## Supplied material:
= Beginning of Section =

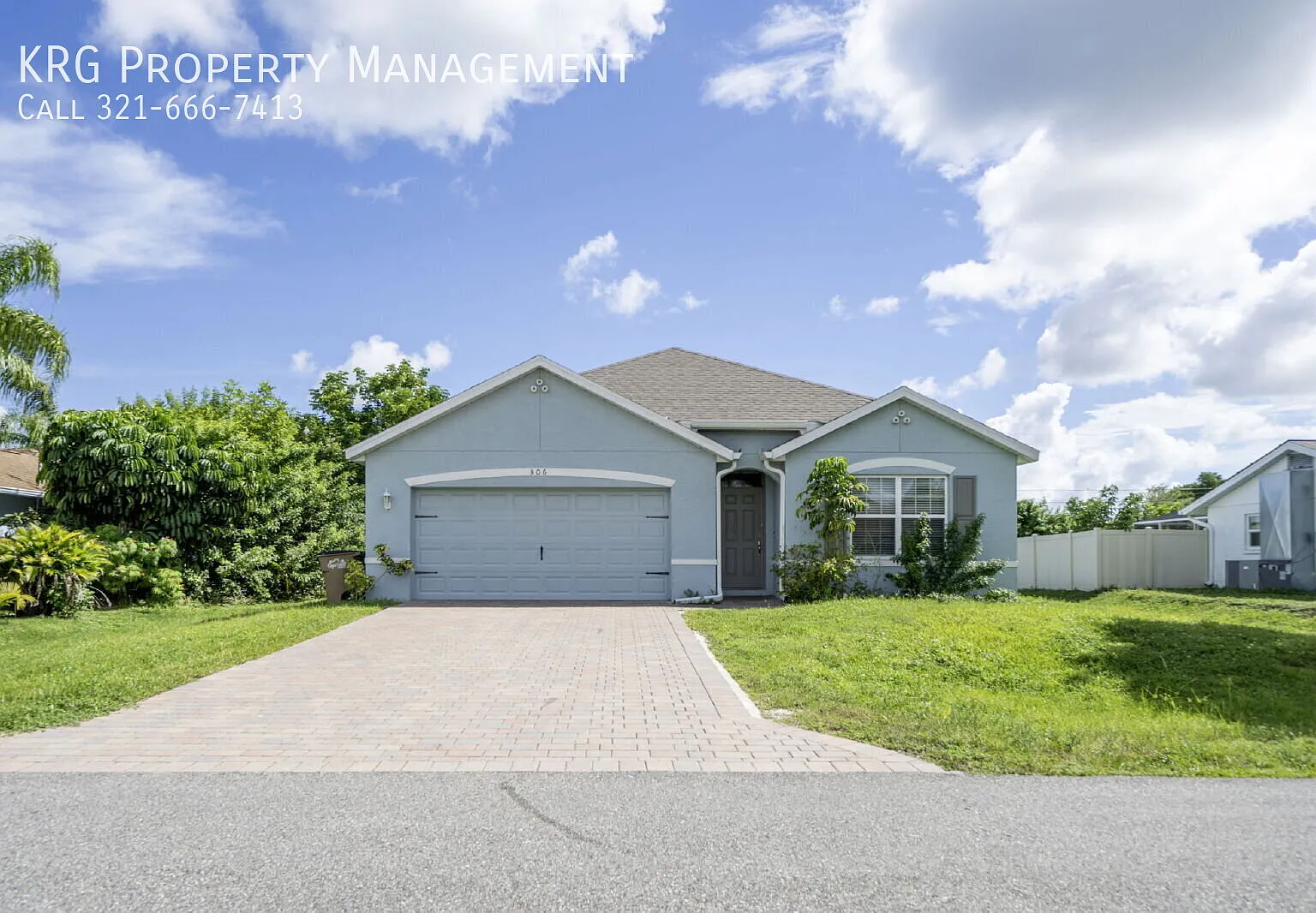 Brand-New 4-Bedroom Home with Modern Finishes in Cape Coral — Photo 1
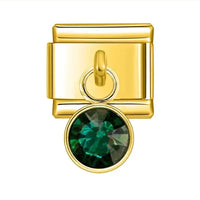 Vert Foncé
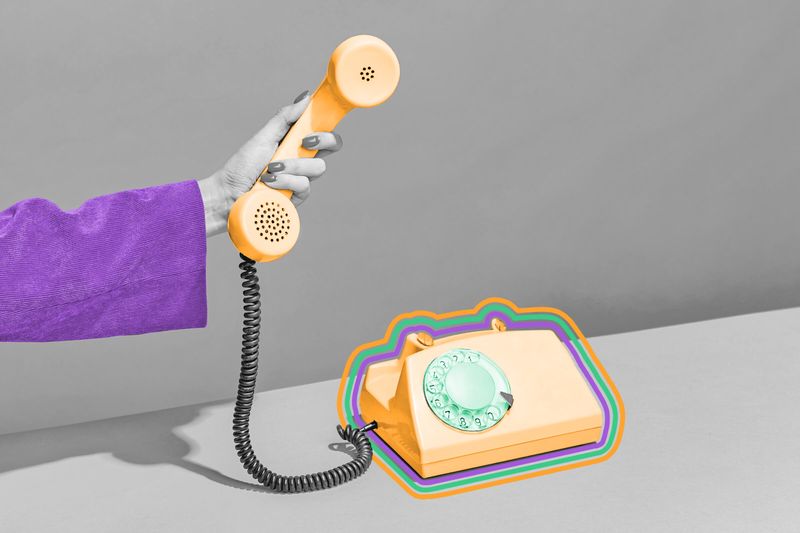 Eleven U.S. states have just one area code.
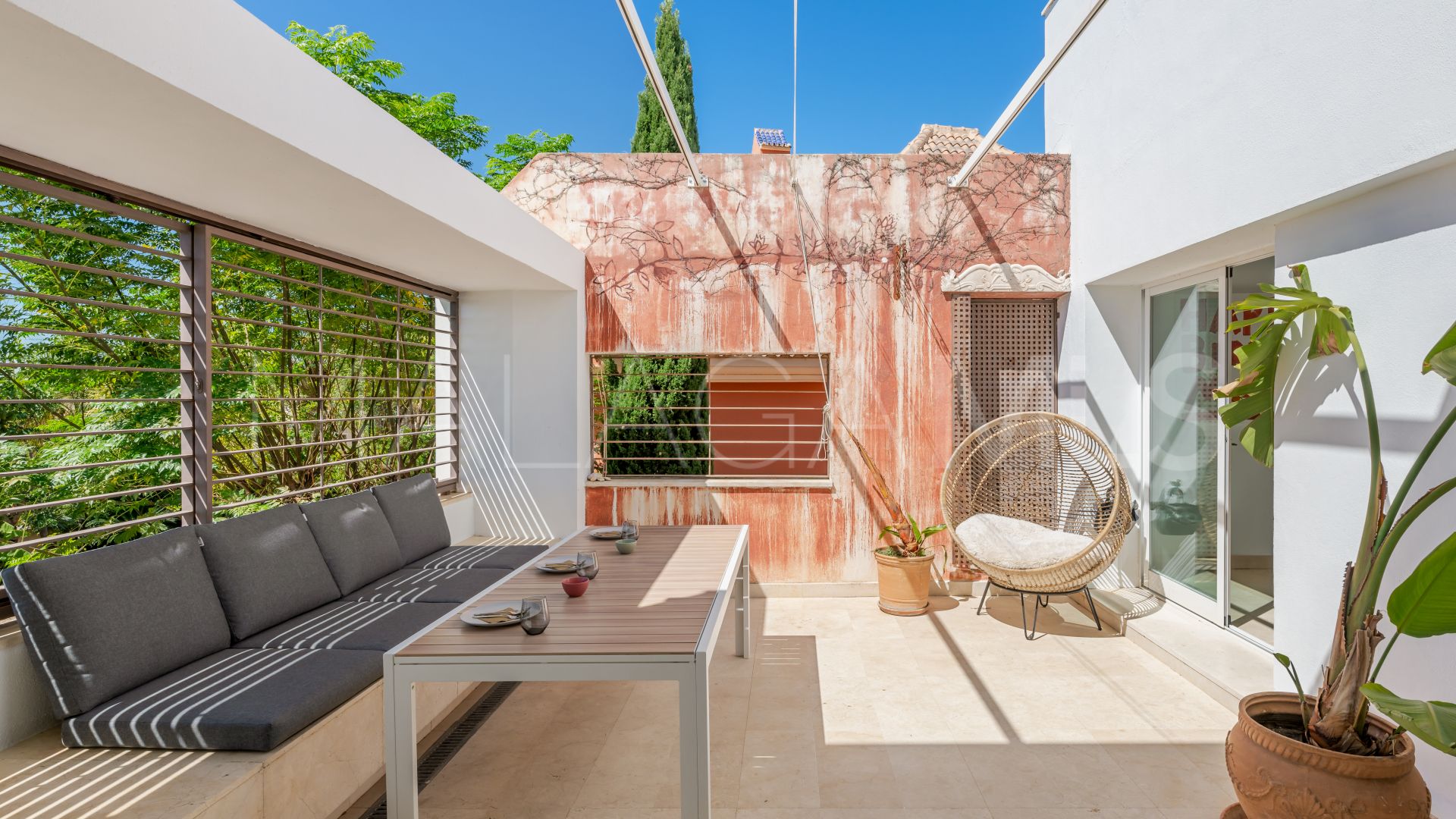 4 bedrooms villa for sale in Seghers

= End of Section =

## What to do:
With pictures excluded, the data must be transcribed in full and to the letter.

## Your response:
 Brand-New 4-Bedroom Home with Modern Finishes in Cape Coral — Photo 1
 Vert Foncé
 Eleven U.S. states have just one area code.
 4 bedrooms villa for sale in Seghers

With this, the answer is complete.